DIRECTIONS => Scan the data below and work out how many of its lines contain the word "property". Give only that number.

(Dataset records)
--- START ---

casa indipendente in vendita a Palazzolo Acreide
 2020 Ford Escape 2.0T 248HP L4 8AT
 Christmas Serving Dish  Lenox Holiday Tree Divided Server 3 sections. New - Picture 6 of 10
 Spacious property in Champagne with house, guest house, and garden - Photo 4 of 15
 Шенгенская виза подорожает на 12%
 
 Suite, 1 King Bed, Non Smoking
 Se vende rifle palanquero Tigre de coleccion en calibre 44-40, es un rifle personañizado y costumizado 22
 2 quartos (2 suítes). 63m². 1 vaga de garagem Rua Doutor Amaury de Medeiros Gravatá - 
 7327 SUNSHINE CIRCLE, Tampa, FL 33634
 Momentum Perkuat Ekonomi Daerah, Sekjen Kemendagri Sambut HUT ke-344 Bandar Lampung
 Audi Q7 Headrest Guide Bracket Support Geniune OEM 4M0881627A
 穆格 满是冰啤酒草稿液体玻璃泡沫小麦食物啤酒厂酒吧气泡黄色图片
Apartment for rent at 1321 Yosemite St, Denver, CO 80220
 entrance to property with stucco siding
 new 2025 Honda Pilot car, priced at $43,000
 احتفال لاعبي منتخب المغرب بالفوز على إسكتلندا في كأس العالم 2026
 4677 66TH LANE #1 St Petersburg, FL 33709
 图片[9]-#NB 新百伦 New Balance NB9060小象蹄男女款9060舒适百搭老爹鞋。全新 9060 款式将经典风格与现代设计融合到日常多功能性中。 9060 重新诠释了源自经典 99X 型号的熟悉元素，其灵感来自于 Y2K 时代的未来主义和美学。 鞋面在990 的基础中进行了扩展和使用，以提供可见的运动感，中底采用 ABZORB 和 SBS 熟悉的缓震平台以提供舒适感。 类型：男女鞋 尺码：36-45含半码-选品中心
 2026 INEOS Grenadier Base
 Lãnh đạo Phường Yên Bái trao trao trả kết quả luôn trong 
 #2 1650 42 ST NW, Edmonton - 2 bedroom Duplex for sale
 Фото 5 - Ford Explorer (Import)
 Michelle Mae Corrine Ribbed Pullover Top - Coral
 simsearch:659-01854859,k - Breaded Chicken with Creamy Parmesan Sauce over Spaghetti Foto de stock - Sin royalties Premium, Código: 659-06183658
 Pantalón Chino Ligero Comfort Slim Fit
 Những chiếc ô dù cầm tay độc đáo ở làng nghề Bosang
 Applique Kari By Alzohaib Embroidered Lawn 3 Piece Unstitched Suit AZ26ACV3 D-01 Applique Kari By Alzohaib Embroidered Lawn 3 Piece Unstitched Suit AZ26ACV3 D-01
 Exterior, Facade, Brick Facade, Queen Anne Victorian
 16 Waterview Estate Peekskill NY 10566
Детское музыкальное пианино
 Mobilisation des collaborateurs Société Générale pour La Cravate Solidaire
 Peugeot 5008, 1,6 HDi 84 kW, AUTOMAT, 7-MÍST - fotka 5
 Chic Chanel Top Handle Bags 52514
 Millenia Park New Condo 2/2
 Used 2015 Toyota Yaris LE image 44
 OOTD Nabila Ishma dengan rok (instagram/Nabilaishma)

--- END ---

ANSWER BOX => 2